— Task to complete —
Among the entries, which lines carry the string "Chevrolet"? Copy every one.

[Input for this task Boundary: Start]

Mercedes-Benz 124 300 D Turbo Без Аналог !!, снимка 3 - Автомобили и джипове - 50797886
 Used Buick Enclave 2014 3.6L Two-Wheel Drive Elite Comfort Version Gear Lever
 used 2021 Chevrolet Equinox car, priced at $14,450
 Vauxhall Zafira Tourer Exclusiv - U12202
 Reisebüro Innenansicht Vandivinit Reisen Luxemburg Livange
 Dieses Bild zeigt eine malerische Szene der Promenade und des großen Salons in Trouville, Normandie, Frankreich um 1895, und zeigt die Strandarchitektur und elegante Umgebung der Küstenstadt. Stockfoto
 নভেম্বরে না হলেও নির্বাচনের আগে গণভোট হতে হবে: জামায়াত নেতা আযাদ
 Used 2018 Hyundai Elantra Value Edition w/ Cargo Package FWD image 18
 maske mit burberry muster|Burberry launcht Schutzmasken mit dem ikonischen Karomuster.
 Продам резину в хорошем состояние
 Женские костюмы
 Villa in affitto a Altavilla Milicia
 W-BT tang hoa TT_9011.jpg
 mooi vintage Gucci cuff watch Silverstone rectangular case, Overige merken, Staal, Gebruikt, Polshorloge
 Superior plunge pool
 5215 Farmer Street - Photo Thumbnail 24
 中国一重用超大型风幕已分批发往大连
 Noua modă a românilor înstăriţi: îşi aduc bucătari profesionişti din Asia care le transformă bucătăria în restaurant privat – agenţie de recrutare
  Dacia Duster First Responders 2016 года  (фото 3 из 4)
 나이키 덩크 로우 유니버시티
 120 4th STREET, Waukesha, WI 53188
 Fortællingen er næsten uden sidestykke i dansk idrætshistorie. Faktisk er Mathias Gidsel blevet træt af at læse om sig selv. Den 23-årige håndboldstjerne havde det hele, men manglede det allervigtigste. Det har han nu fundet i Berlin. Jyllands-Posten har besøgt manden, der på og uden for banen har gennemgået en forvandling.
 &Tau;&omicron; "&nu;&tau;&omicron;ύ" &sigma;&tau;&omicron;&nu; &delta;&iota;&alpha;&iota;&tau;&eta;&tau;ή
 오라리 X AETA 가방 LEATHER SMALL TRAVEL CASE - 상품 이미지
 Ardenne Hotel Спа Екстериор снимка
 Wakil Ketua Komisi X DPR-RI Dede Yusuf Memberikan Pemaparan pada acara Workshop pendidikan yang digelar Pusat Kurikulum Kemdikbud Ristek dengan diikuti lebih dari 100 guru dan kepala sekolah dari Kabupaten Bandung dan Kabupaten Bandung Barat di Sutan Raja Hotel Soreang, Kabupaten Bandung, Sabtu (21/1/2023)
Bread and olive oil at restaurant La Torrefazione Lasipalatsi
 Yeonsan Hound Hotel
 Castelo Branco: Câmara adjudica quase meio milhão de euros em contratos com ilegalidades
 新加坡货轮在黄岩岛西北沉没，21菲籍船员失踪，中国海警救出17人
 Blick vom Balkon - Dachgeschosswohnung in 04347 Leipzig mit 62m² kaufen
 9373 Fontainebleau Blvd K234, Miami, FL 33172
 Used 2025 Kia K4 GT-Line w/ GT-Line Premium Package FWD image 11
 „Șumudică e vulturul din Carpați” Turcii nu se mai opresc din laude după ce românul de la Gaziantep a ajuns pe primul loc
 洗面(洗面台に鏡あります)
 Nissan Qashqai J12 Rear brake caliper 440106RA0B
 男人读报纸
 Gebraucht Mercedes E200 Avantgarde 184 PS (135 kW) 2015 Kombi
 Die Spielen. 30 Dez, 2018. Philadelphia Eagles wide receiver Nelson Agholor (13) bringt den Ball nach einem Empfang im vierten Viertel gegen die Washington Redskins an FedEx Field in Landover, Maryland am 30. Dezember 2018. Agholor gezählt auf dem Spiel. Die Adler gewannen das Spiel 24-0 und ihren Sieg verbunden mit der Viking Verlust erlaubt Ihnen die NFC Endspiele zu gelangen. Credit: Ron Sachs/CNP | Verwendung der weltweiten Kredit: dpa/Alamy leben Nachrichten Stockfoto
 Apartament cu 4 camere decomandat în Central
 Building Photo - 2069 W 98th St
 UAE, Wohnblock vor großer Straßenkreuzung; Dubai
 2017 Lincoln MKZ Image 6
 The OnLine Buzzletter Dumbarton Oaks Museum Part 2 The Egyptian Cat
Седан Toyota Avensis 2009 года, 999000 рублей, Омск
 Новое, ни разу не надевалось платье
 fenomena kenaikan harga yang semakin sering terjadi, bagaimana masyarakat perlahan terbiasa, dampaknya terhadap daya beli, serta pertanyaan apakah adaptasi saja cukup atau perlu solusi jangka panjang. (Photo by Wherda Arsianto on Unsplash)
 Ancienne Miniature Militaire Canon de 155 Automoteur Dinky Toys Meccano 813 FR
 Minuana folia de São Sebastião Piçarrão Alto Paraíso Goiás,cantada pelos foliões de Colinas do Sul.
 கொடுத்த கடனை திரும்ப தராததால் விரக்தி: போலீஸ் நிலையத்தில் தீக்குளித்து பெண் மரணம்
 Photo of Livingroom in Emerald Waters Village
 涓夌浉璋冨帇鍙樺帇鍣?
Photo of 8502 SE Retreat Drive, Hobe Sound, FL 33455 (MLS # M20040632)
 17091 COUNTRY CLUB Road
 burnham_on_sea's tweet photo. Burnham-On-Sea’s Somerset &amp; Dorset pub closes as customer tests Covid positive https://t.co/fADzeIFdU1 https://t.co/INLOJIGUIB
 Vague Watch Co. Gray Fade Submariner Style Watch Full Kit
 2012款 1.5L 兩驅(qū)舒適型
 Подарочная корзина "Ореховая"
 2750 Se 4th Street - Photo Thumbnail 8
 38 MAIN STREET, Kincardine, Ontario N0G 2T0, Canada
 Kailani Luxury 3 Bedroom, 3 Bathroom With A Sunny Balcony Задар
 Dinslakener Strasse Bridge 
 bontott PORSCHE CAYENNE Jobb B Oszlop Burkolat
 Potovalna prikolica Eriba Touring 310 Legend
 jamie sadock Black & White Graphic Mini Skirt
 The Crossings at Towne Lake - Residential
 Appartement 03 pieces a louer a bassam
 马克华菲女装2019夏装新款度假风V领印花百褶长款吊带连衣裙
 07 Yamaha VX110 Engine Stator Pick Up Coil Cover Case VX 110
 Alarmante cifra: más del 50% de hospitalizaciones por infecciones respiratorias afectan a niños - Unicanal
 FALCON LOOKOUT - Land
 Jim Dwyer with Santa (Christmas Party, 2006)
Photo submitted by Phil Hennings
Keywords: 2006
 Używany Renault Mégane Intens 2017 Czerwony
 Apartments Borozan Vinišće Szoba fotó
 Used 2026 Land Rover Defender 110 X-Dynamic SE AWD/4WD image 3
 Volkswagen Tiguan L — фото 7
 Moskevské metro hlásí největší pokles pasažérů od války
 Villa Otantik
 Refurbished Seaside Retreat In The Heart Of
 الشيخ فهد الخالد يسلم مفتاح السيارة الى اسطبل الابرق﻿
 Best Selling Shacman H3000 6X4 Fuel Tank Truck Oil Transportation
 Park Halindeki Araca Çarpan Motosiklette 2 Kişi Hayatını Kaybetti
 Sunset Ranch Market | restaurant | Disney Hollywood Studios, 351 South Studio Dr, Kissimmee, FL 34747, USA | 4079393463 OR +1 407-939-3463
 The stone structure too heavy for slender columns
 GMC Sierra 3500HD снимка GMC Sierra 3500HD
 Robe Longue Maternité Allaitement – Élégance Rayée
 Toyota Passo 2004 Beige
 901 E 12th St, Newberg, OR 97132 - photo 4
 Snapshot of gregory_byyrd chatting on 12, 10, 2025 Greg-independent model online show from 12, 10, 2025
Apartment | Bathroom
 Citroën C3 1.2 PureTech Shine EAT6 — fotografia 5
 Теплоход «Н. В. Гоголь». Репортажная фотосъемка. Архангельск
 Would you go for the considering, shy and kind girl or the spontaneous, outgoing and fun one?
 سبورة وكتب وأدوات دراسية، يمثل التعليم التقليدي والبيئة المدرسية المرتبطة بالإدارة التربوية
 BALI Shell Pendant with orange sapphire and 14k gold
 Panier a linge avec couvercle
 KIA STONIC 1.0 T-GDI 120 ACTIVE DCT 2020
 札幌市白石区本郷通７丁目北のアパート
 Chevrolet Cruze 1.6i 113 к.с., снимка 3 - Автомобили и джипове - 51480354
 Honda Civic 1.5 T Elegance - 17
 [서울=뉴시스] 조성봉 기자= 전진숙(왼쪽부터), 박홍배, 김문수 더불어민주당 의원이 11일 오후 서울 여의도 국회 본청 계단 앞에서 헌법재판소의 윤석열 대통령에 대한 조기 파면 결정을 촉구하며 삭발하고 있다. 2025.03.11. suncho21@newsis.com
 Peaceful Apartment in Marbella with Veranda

[Input for this task Boundary: End]

— Solution for this task —
 used 2021 Chevrolet Equinox car, priced at $14,450
 Chevrolet Cruze 1.6i 113 к.с., снимка 3 - Автомобили и джипове - 51480354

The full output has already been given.